** Directions **
In your copy of the entries below, keep every word exactly and leave out all images.

** Given entries **
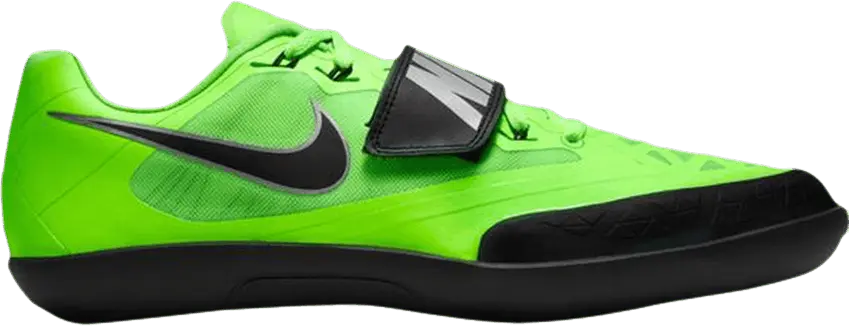 Nike Zoom SD 4 &#039;Electric Green&#039;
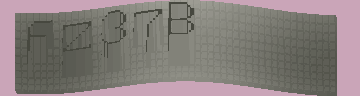 CAPTCHA 認証コード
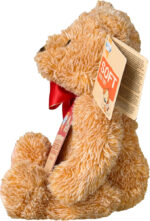 Good Boy Gifting Dog Toy Softy Teddy Bear - Image 4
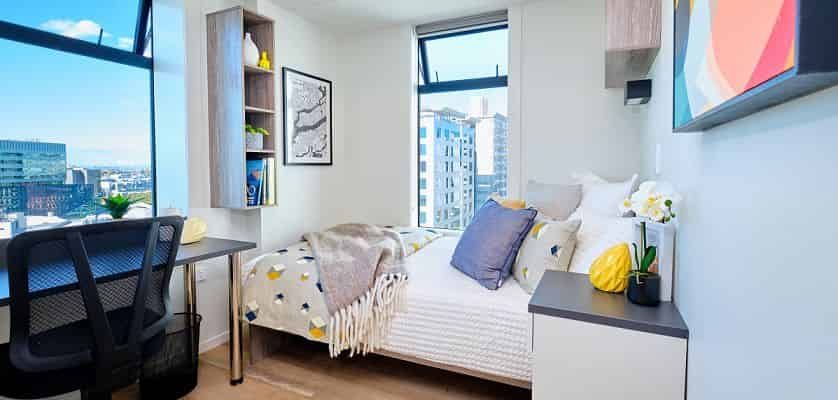 UniLodge Mayoral Drive Student Accommodation — student accommodation in Auckland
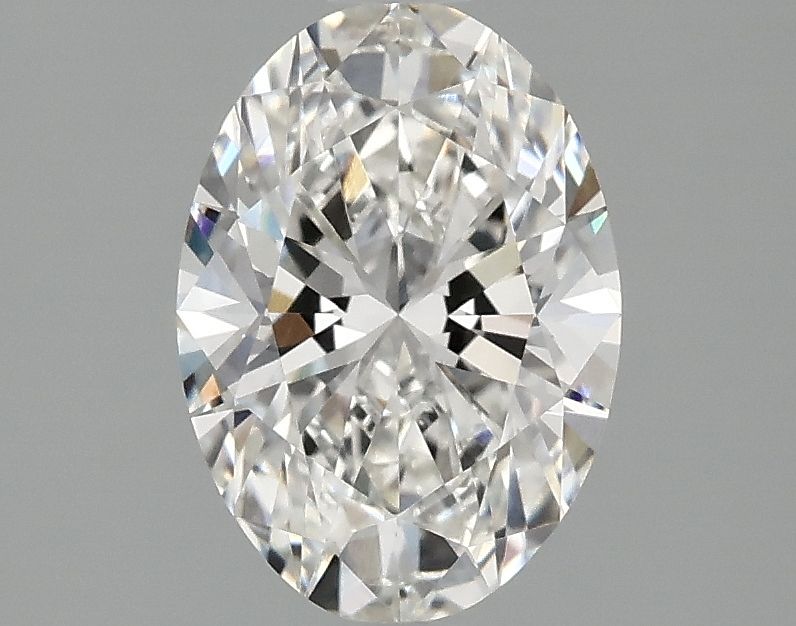 1.59 ct Oval diamond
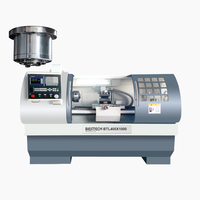 Tour CNC multifonctionnel à 2 axes pour l'usinage de composants métalliques de formes complexes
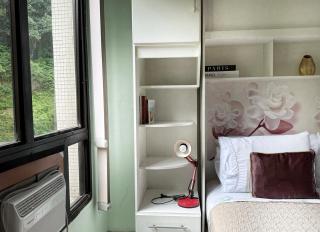 SUÍTE EM COPACABANA - APART HOTEL 200m DA PRAIA, PISCINA, ACADEMIA - 5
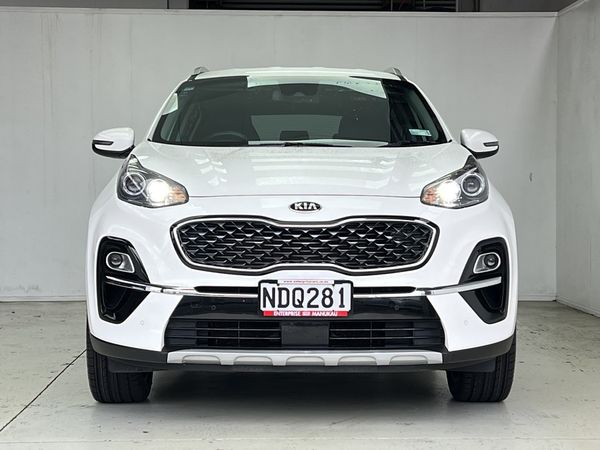 2020 Kia Sportage Enterprise Manukau image 243196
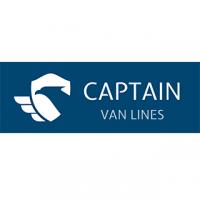 Captain Van Lines Logo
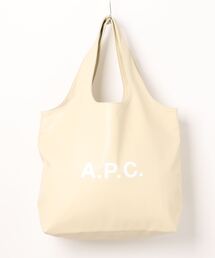 【新品】A.P.C. トートバッグ ベージュ 楽天市場】apc トートバッグ ベージュの通販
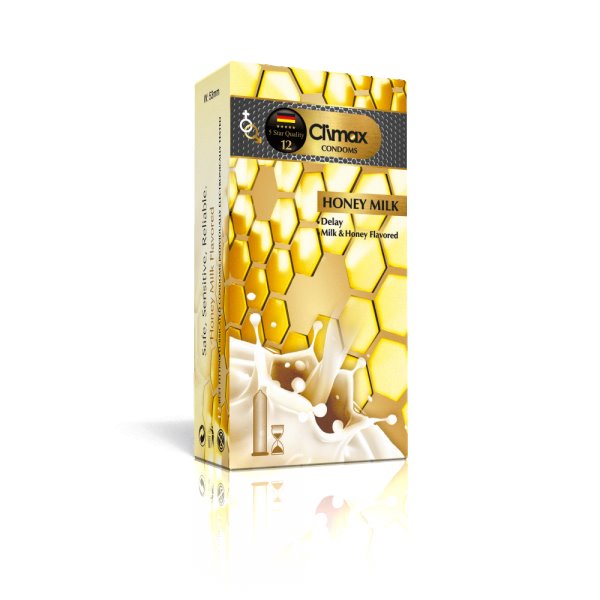 climax-honey-milk Climax Honey Milk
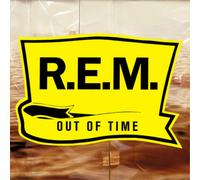 R.E.M. Out of Time (CD) Remastered Album (Importación USA)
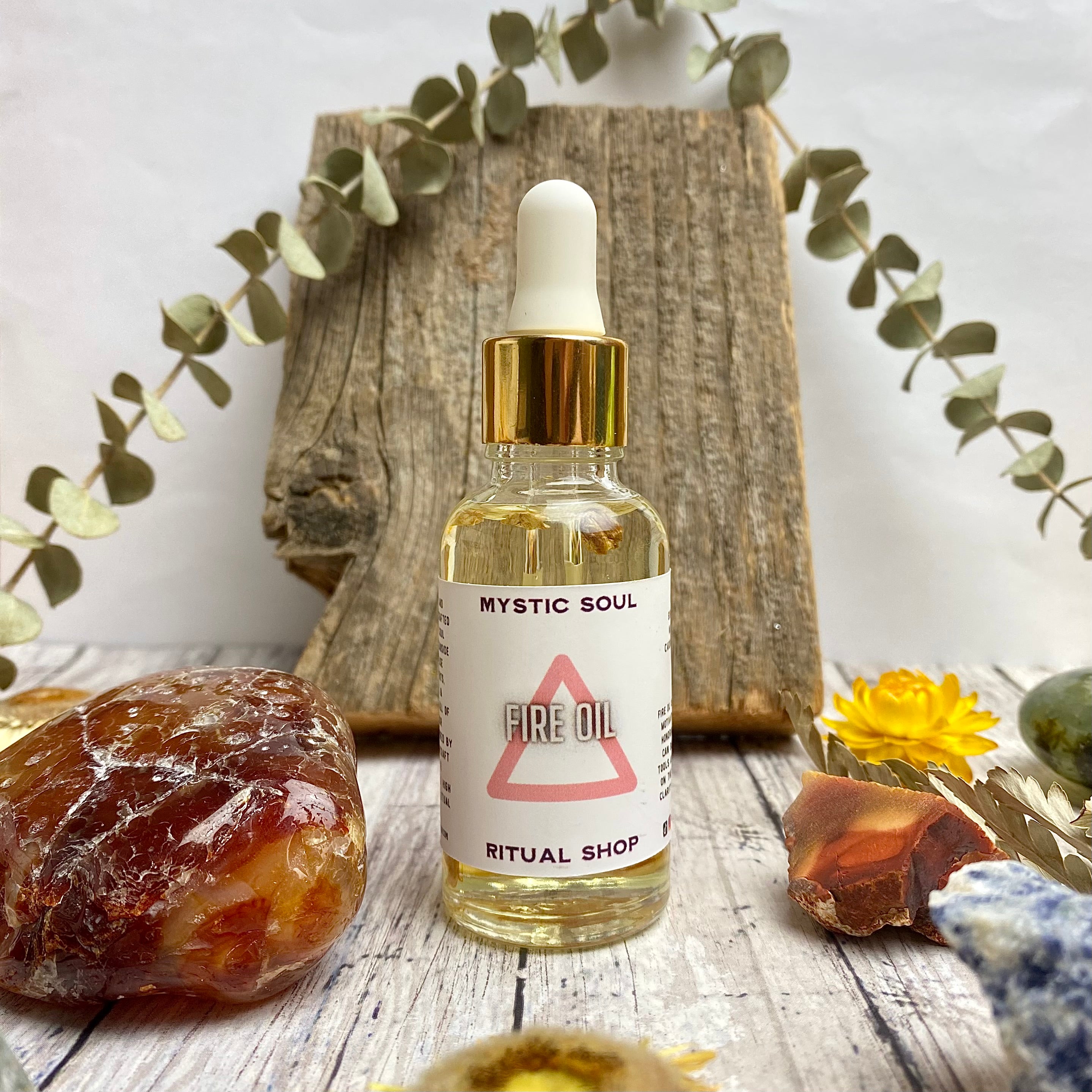 Element Oil - Earth -Air - Fire - Water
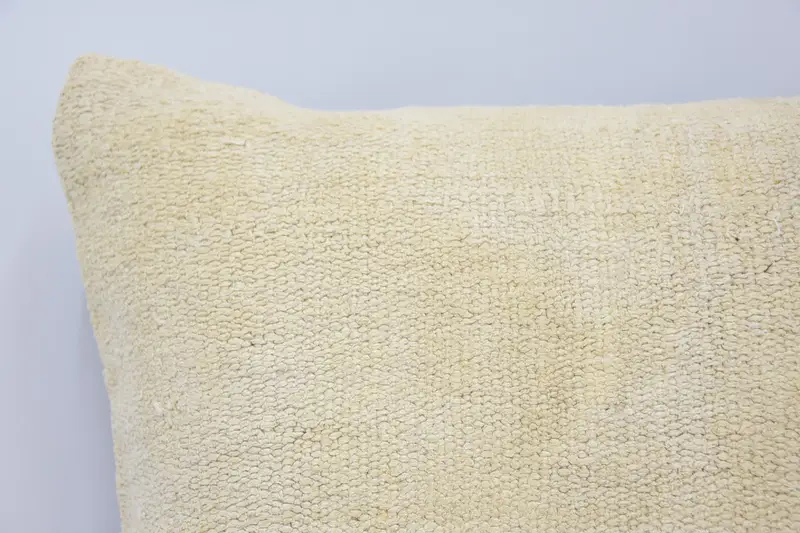 18x18 White Pillow Sham, Crochet Pattern Pillow, Luxury Pillow Case, Antique Pillows, Pillow for Couch, Interior Designer Pillow, Pillow - 2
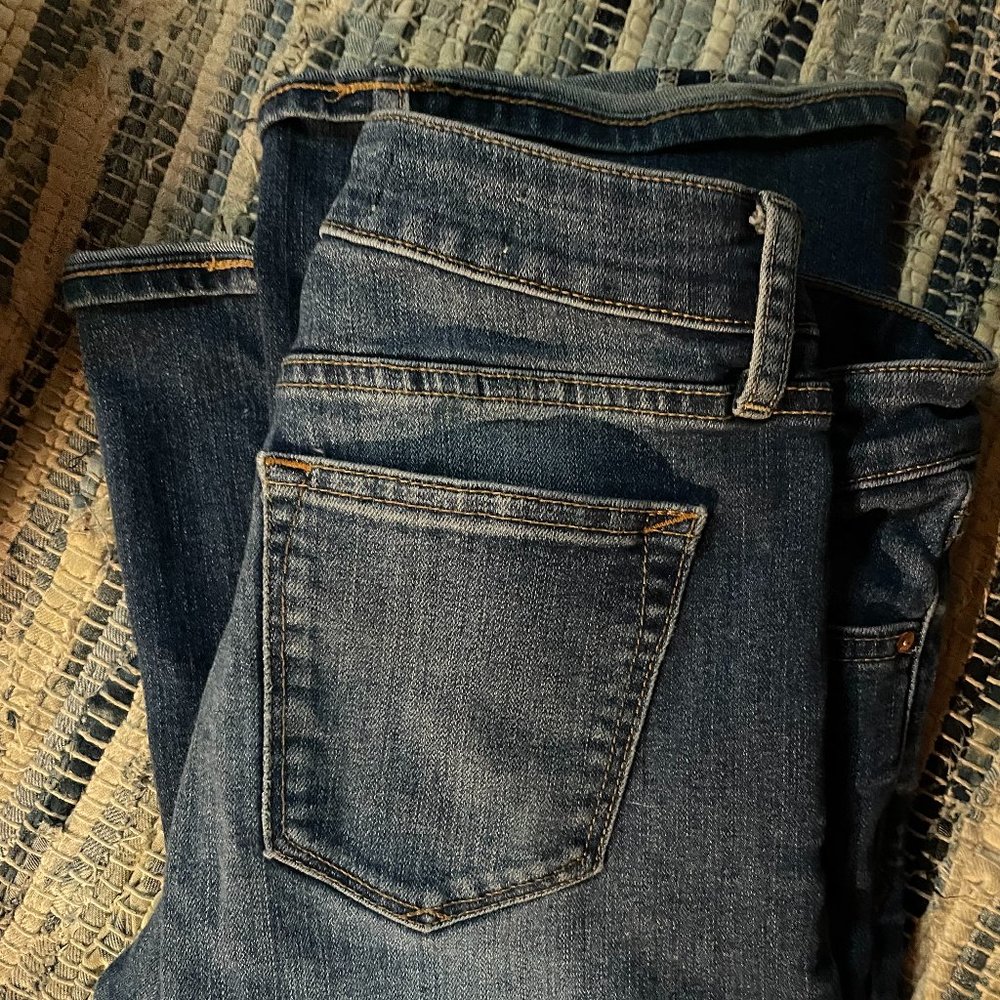 Gap 1969 dark wash 29/8L EUC Perfect Boot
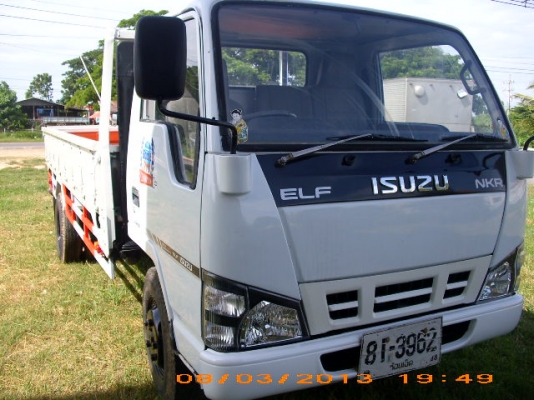 ขาย6ล้อมือสอง สภาพสวย พร้อมใช้ ยาว4.3 ม. เครื่อง ISUZU 110แรงม้า เอกสารครบพร้อมโอน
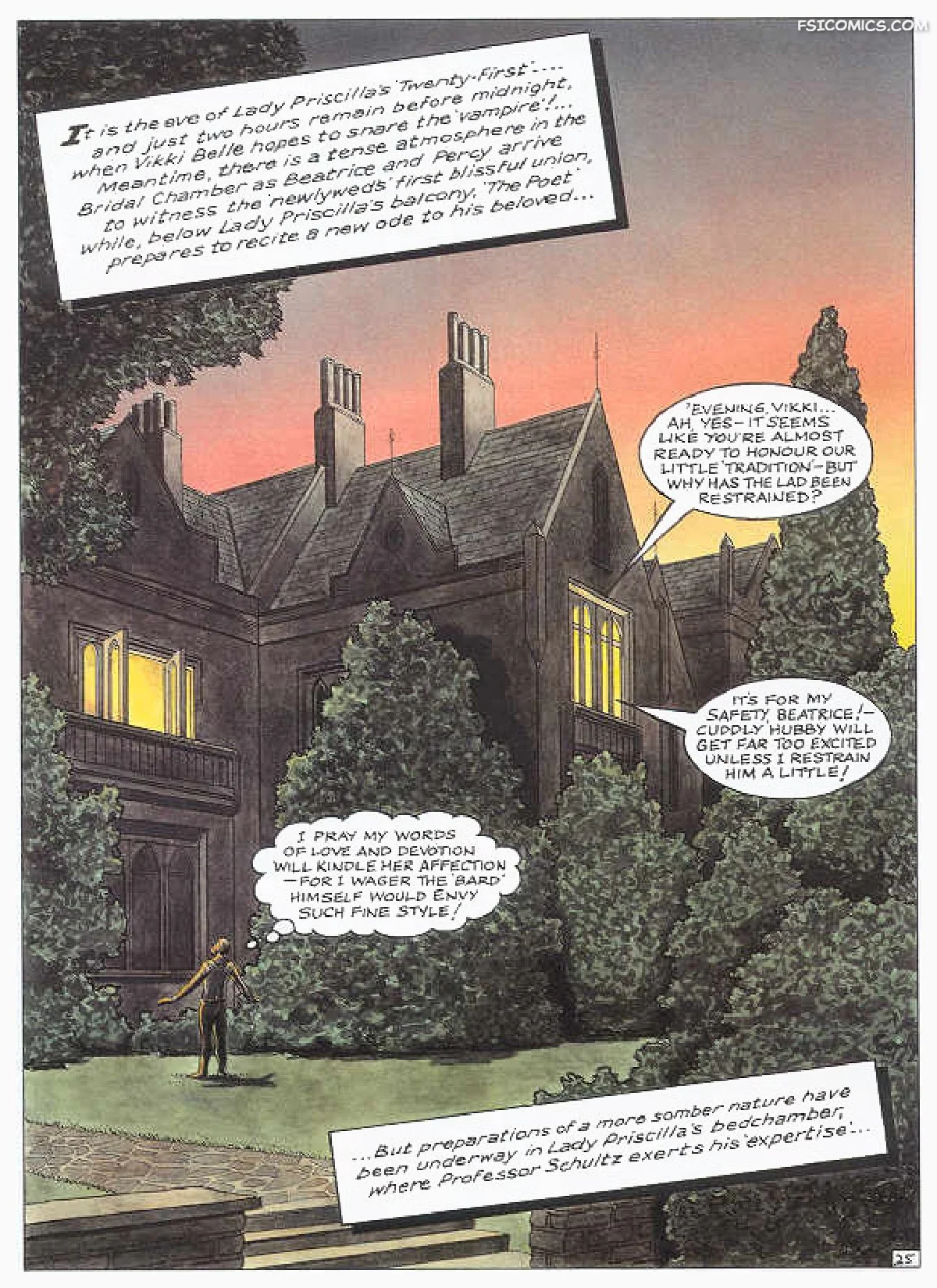 a saucy vikki belle romp the lady and the vampire colin murray 025 - FSIComics a-saucy-vikki-belle-romp-the-lady-and-the-vampire-colin-murray-025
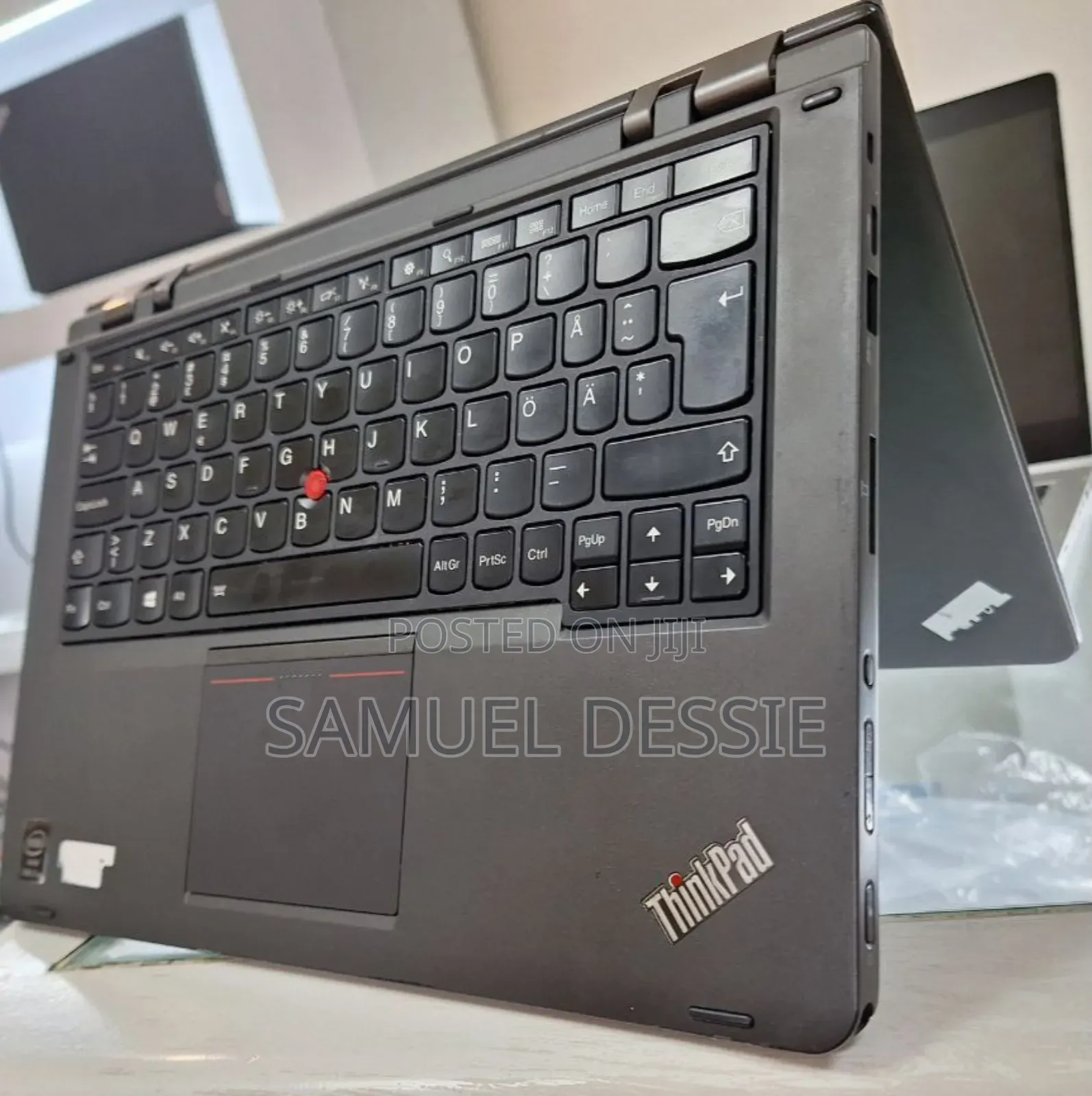 Laptop Lenovo ThinkPad Yoga 8GB Intel Core I7 SSD 256GB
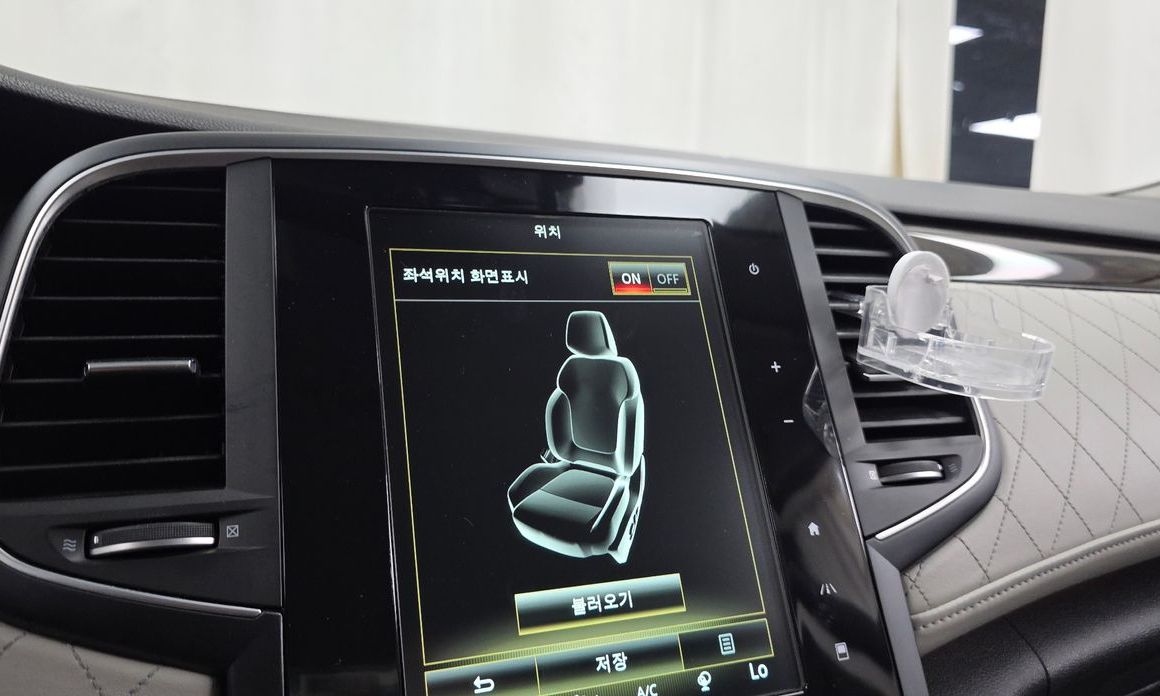 Renault-KoreaSamsung SM6 2016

** Answer to this task **
 Nike Zoom SD 4 &#039;Electric Green&#039;
 CAPTCHA 認証コード
 Good Boy Gifting Dog Toy Softy Teddy Bear - Image 4
 UniLodge Mayoral Drive Student Accommodation — student accommodation in Auckland
 1.59 ct Oval diamond
 Tour CNC multifonctionnel à 2 axes pour l'usinage de composants métalliques de formes complexes
 SUÍTE EM COPACABANA - APART HOTEL 200m DA PRAIA, PISCINA, ACADEMIA - 5
 2020 Kia Sportage Enterprise Manukau image 243196
 Captain Van Lines Logo
 【新品】A.P.C. トートバッグ ベージュ 楽天市場】apc トートバッグ ベージュの通販
 climax-honey-milk Climax Honey Milk
 R.E.M. Out of Time (CD) Remastered Album (Importación USA)
 Element Oil - Earth -Air - Fire - Water
 18x18 White Pillow Sham, Crochet Pattern Pillow, Luxury Pillow Case, Antique Pillows, Pillow for Couch, Interior Designer Pillow, Pillow - 2
 Gap 1969 dark wash 29/8L EUC Perfect Boot
 ขาย6ล้อมือสอง สภาพสวย พร้อมใช้ ยาว4.3 ม. เครื่อง ISUZU 110แรงม้า เอกสารครบพร้อมโอน
 a saucy vikki belle romp the lady and the vampire colin murray 025 - FSIComics a-saucy-vikki-belle-romp-the-lady-and-the-vampire-colin-murray-025
 Laptop Lenovo ThinkPad Yoga 8GB Intel Core I7 SSD 256GB
 Renault-KoreaSamsung SM6 2016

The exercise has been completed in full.